Dynamic mixed optimization using SGD and L-BFGS

Hi, I am using Pytorch to reproduce the results of the 1D linear advection problem in this paper. The problem is quite simple. I am not however able to reproduce the results using the given settings : a fully connected NN with 2 hidden layers each with 10 hidden units, sigmoid activation function and a mixed dynamic training using both SGD and L-BFGS optimizers:

we have implemented the gradients according to the schemes presented in the
previous section and we consequently use the BFGS method
with default settings from SciPy to train the ANN.

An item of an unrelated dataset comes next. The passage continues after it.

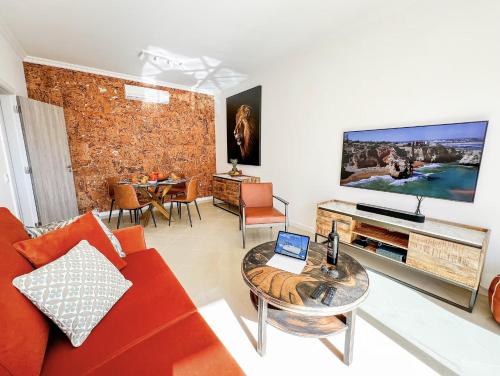Luxury Condo in Top Complex with Ocean and Marina View by Be Cherish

An issue one might encounter is that the line search in BFGS
fails due to the Hessian matrix being very ill-conditioned. To circumvent this we use a BFGS in combination with stochastic gradient descent. When BFGS fails due to line search failure we run
1000 iterations with stochastic gradient descent with a very small learning rate, in the order of 10−9, to bring BFGS out of the troublesome region. This procedure is repeated until convergence or until the maximum number of allowed iterations has been exceeded

I would like to know how I can implement their dynamic training approach in Pytorch. I just managed to first pre train the model using SGD for n iterations and then train it using L-BFGS until it converges. something like:

def loss_LBFGS(self):
    
    # operations to calculate the loss

    self.optimizer_LBFGS.zero_grad()
    loss.backward()
    return loss


def train(self, n_iteration_sgd):
    self.ann_u.train()

    # *****************************************************************************
    # pretrain with the SGD optimizer
    for i in range(n_iteration_sgd):
        
        # the same operations to calculate the loss

        self.optimizer_sgd.zero_grad()
        loss.backward()
        self.optimizer_sgd.step()
    # *****************************************************************************

    # training using the LBFGS optimizer
    self.optimizer_LBFGS.step(self.loss_LBFGS)

But this is not exactly what they do. The results that I get using my train function are shown in the following figure:

I think the problem comes from my training approach that is not fully correct. I would appreciate any help. Thank you.